WORK TO COMPLETE: Only the lines from the one containing "Poster Gustav Klimt La Dame D'Or (Coin)" through the last line of the data below belong in your answer, copied exactly and without pictures.

RECORDS TO PROCESS:
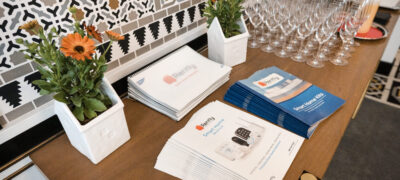 rently smart home information packets at the rently smart home summit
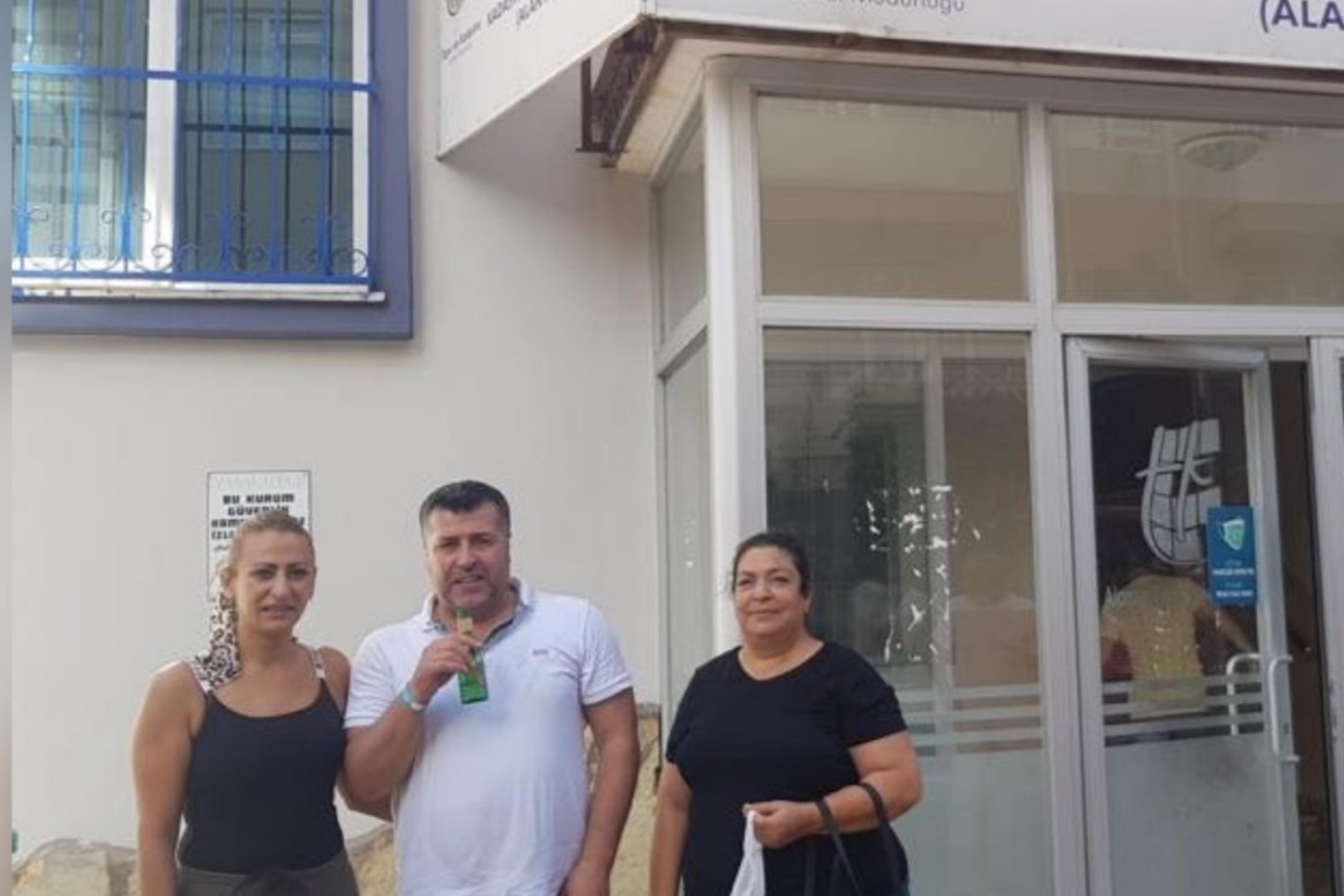 Mr. BASRİ  & Mrs. SEVGİ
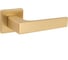 Ручка раздельная Trodos 529Е-03 slim GA сатиновое золото матовый 204948 1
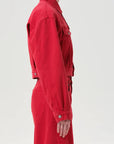 Radley Jacket side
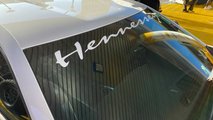 Hennessey Resurrection Camaro Live Image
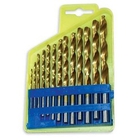 ЗУБР Набор сверл по металлу 13 шт (d=1,5-6,5 мм) ТИТАН, сталь Р6М5, класс А, "ЭКСПЕРТ" 29615-H13 [29615-H13/29615-H13_z01]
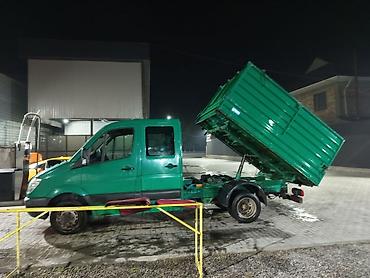 Mercedes-Benz: Mercedes-Benz Спринтер: 2006 г., Механика, Дизель — 2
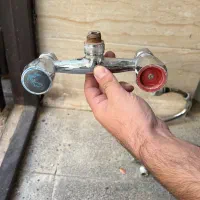 شیر آلات سالم|مصالح و تجهیزات ساختمان|سهند, |دیوار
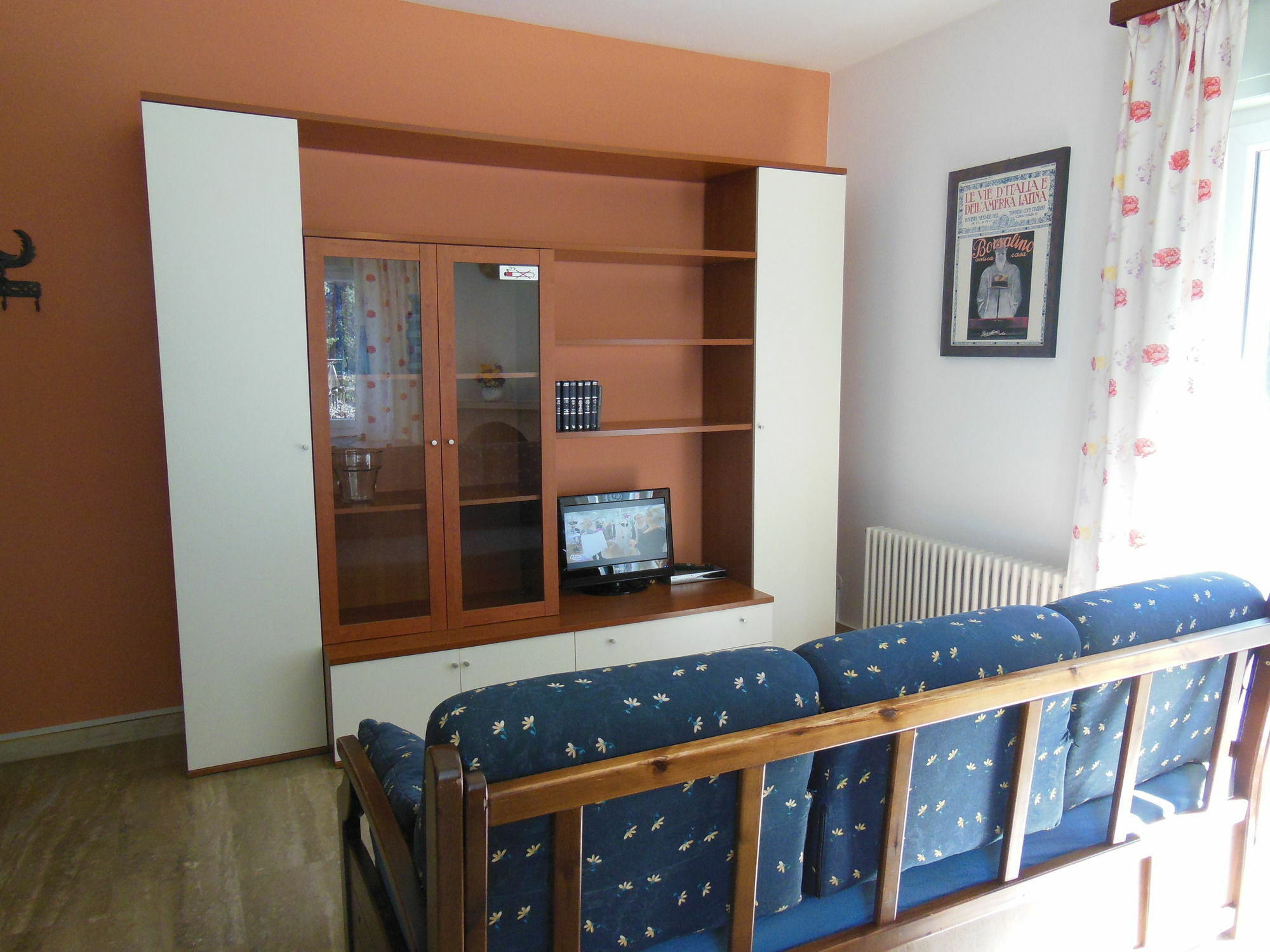 Villa Banana Каннобио Экстерьер фото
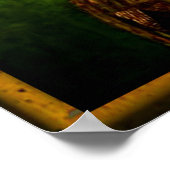 Poster Gustav Klimt La Dame D'Or (Coin)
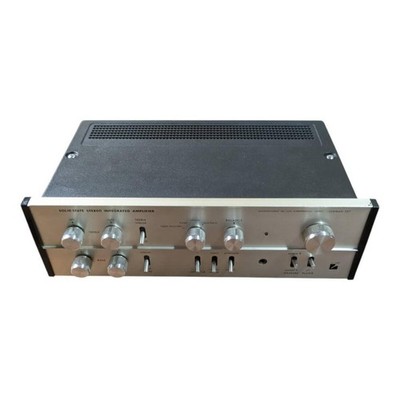 LUXMAN SQ707 Solid State Stereo Integrated Amplifier Used Japan Genuine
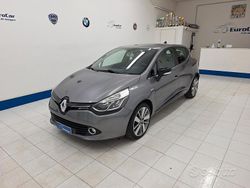 Grigio Usata 2014 Renault Clio IV Tre volumi | 7400 € (Cara)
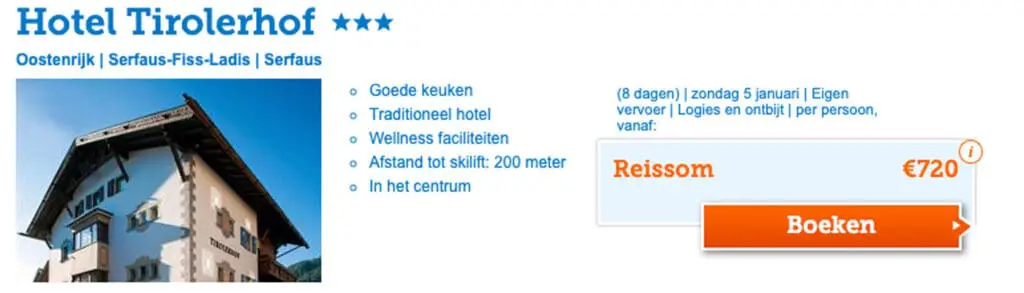 Hotel Tirolerhof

SOLUTION TO THIS EXERCISE:
 Poster Gustav Klimt La Dame D'Or (Coin)
 LUXMAN SQ707 Solid State Stereo Integrated Amplifier Used Japan Genuine
 Grigio Usata 2014 Renault Clio IV Tre volumi | 7400 € (Cara)
 Hotel Tirolerhof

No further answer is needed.